But the legal process is not quite as
clear-cut as guilty or innocent. US security
agencies, be it the Federal Bureau of
Investigation (FBI), the Central Intelligence
Agency, homeland security or immigration, are
bound by defined laws and regulations regarding
detention and interrogation.
Contacts
associated with the European intelligence
community and now deeply integrated with the US
intelligence community based in Washington
explained to Asia Times Online recently that there
is an organized mechanism under which suspects who
cannot be further interrogated in the US because
of legal complexities are sent to "outsourced"

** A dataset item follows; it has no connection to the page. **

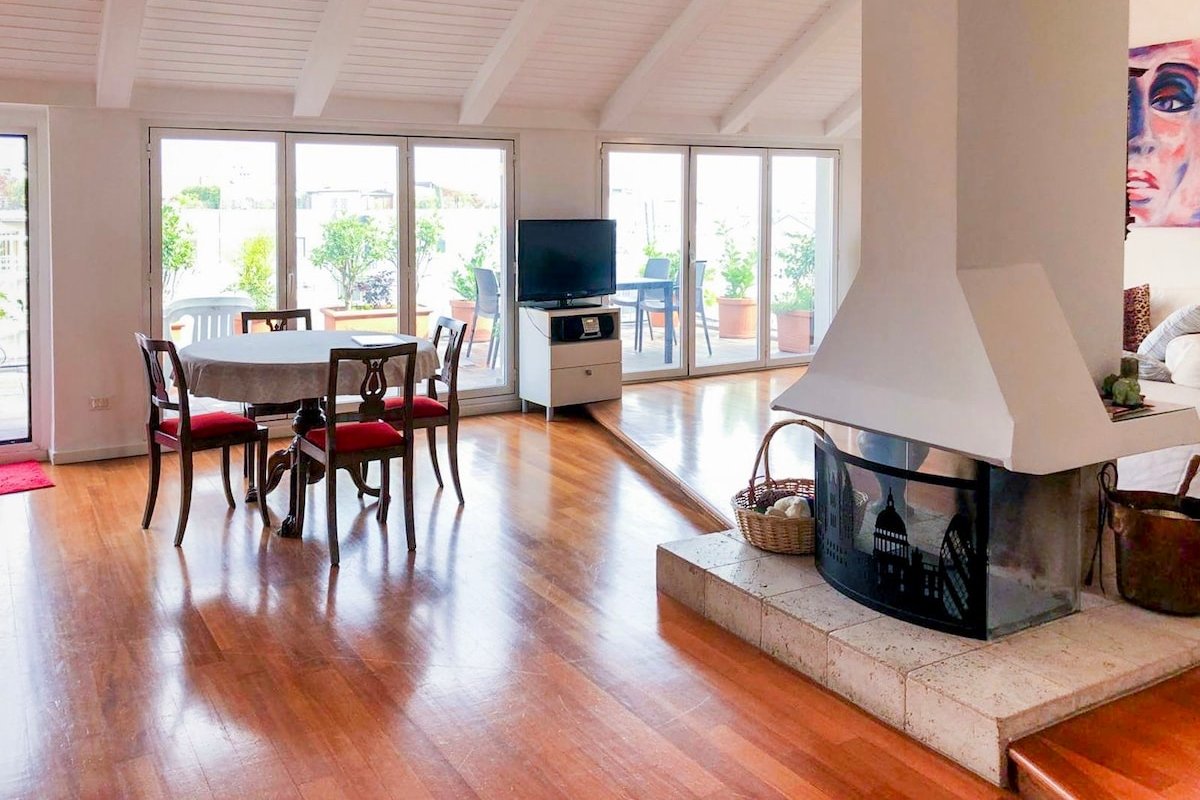 Attico con gran Terrazzo, Milano Stazione Centrale gallery image 2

facilities in another country. "Already, some top
al-Qaeda operators, including Khalid Sheikh
Mohammd and Khalid bin al-Attash, are under
interrogation in outsourced US facilities in
Jordan, Morocco and other places," the contacts
say.
This is one such story.
About 40 kilometers from bustling cosmopolitan
Karachi, Malir is a rustic town perceived by
downtown Karachiites as a place where they would
fear for the safety of their belongings, besides
spoiling their clothes with dust. Indeed, the
ordinary Karachiite views the area as a hotbed of
ethnic and sectarian tension.
In an area
in Malir near a bus junction, a thatch-roofed
hotel is a haven for drug addicts where ordinary
folk in their wildest imagination would not even
dream of passing a few hours.
Yet this is
where Nasir Ali Mubarak now has to spend his days,
killing endless time at the hotel, and at night
sleeping on the back seats of a bus.
Everything goes horribly
wrong Pakistan-born
Nasir, now 36, grew up in
the United Arab Emirates after his family moved
there when he was three years old. As a youth,
his dream was to fly, and he took some lessons
in the emirates. An instructor suggested he
go to the United States to learn flying better, which he
did, along with another young man, Abdul Hakim
Murad. In the early 1990s they attended several
flight schools in Texas and New York, where they
roomed together and shared expenses.
Then
Nasir moved to Corning in northern California.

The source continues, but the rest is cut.